Prabal Gurung walks the runway in a Vote T-shirt show during New York Fashion Week Spring 2018. (Photo courtesy of Glamour.com)

Going Fur Free

While Stella McCartney has been creating fur-free and leather-free clothes for years, many designers have now jumped on the bandwagon.

As of September 2018, Burberry announced that it would also be going fur-free, a big move ever since Riccardo Tisci became the creative director for the label. The brand will no longer be using rabbit, fox, mink, and Asiatic raccoon fur, though they will still feature angora, shearling, and leather.

Burberry goes fur free as of Sept. 2018. (Photo courtesy of teenvogue.com)

Shockingly, in March 2018, Donatella Versace announced that she would no longer be using fur in her collections. “Fur? I am out of that. I don’t want to kill animals to make fashion. It doesn’t feel right,” she told 1843 magazine.

Versace goes fur free. (Photo courtesy of teenvogue.com)

In June 2017, protesters interrupted a live interview with Michael Kors at New York City’s Metropolitan Museum of Art, with signs that read “Michael Kors has blood on his hands.” This prompted Michael Kors to announce that his company would be going fur free as of December 2018.

Michael Kors goes fur free. (Photo courtesy of teenvogue.com)

In October 2017, Gucci announced it would be going fur-free as well. Alessandro Michele is opting for sustainable alternatives to create his “grandma-chic” vibe. Prada also added their name to the fur-free list as of 2020.

Gucci goes fur free. (Photo courtesy of teenvogue.com)

Following in the footsteps of San Francisco and Los Angeles, New York is now considering a ban on fur as well, however, there is a lot of push back. One of the oldest industries in New York City dating back to when Henry Hudson explored the region in 1609 and found French traders bartering for furs with Native Americans. New York became a thriving trading post of beaver and other skins that traveled through New York Harbor and to Europe. In fact, the official New York crest includes beavers, whose valuable pelts helped fuel the early fur trade. Stay tuned!

Designers with a History of Rocking the Boat

English fashion designer Katherine Hamnett is best known for her political T-shirts and ethical business philosophy. In 1983 she stated, “If you want to get the message out there, you should print it in giant letters on a T-shirt.” Celebrities such as George Michael (who was part of Wham at the time) wore one of her “Choose Life” tees in a music video for “Wake Me Up Before You Go-Go.” Roger Taylor of Queen, wore her “WORLDWIDE NUCLEAR BAN NOW” T-shirt during Queen’s historic appearance at the first edition of the Rock in Rio festival in Rio de Janeiro.
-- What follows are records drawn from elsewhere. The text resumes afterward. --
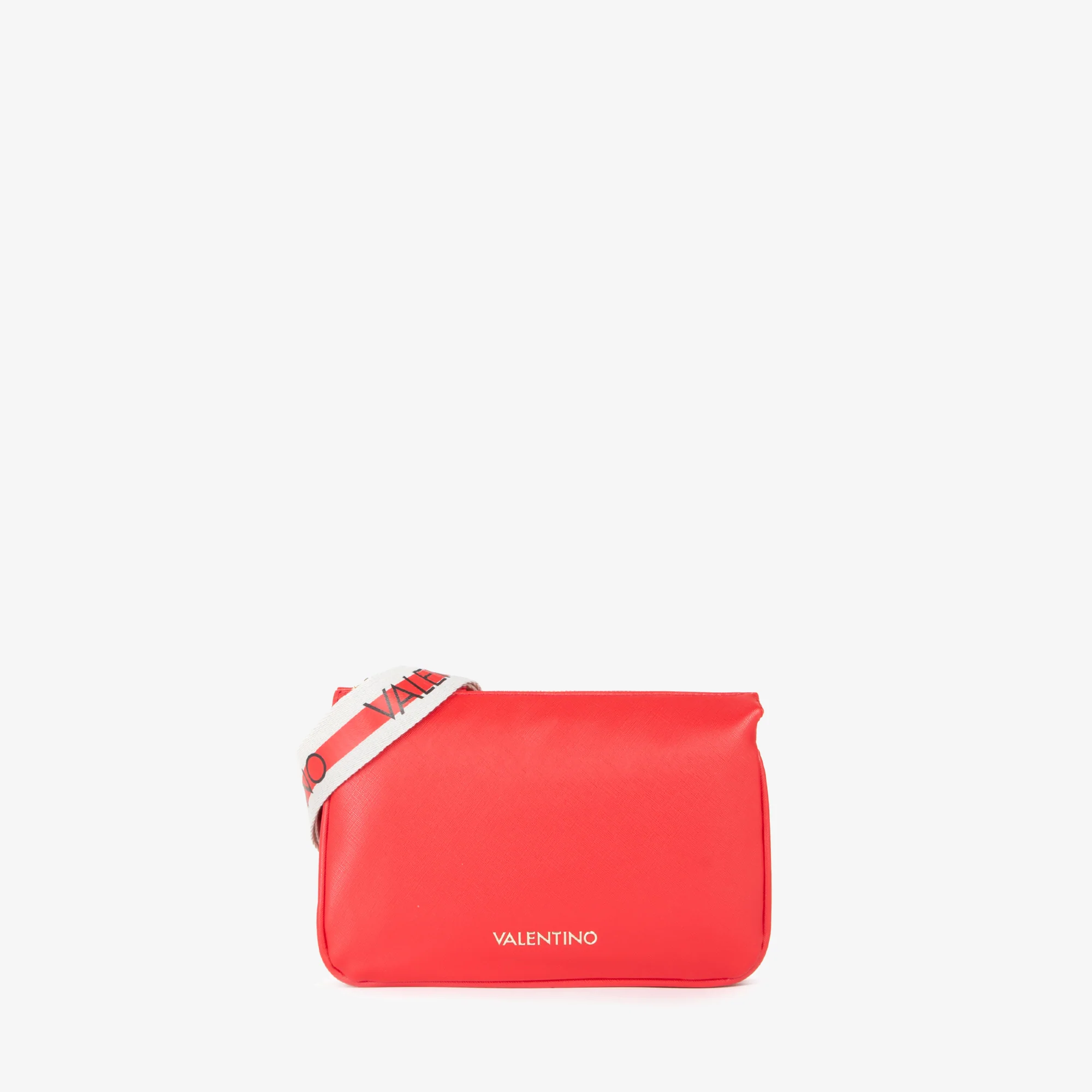 Pochette ZERO RE - Image 8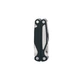 Мультитул Leatherman Charge ALX - изображение 3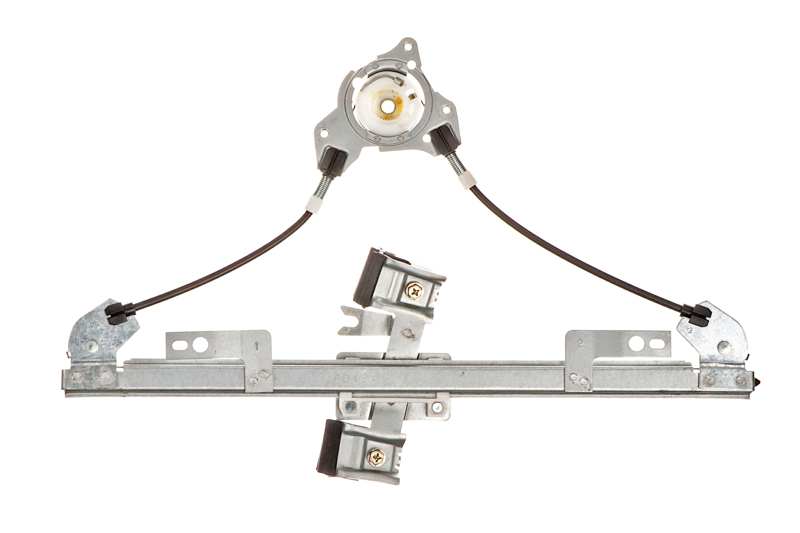 Window Regulator (AZMT-49-031-1405)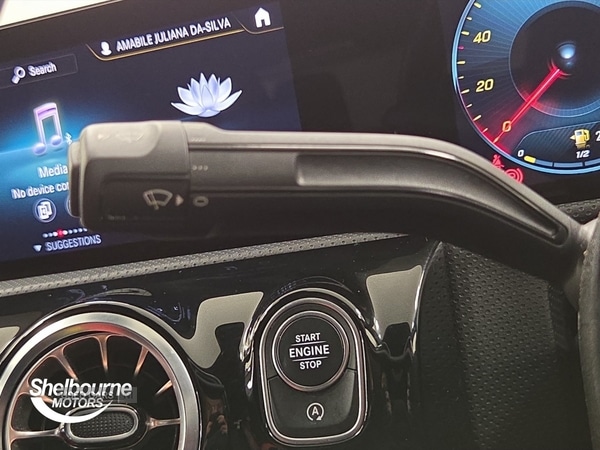 Used Mercedes-Benz CLA 2022 for sale - 77884262: Photo 26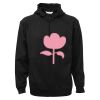 ATC™ PTECH® FLEECE HOODED JACKET Thumbnail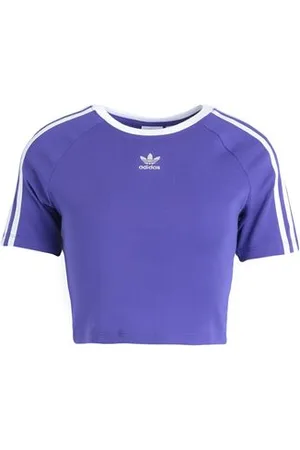 adidas CAMISETAS Y TOPS - Camisetas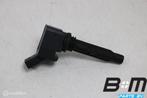Bobine met bougiestekker VW Up! 1.0 MPI CHY 04C905110L, Auto-onderdelen, Motor en Toebehoren, Gebruikt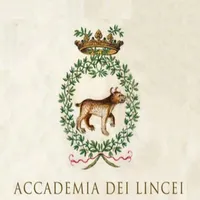 Accademia Nazionale dei Lincei icon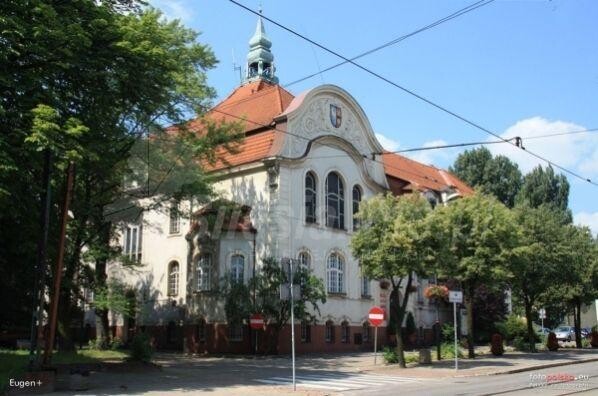 Urząd Miejski nieczynny 5 stycznia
Political T-shirts by Katharine Hamnett. (Photo courtesy of lovewildlivefree.com)

Vivienne Westwood is another British fashion designer and businesswoman, who was largely responsible for bringing modern punk and new wave fashion into the mainstream. Westwood has retail shops worldwide and sells a variety of merchandise; some of it linked to her many political causes, such as the Campaign for Nuclear Disarmament, climate change and civil rights groups.

Vivienne Westwood Red Label SS14 fashion show. (Photo courtesy of Alan Davidson/The Picture Library LTD.)

In 2000, John Galliano created one of the most controversial fashion shows ever. For his Christian Dior Haute Couture collection, Galliano was inspired by the Paris homeless. As a master of shock value, his message rang loud and clear in a city of beauty and glamour. The show created such controversy that homeless activists picketed outside the Dior headquarters and riot police had to be called in to deal with the protesters. As a result, Dior’s flagship was closed for two hours and Galliano had to issue an apology statement,  “I never wanted to make a spectacle of misery.”

Christian Dior by John Galliano, spring/summer 2000 haute couture show. (Photo courtesy of newyorktimes.com)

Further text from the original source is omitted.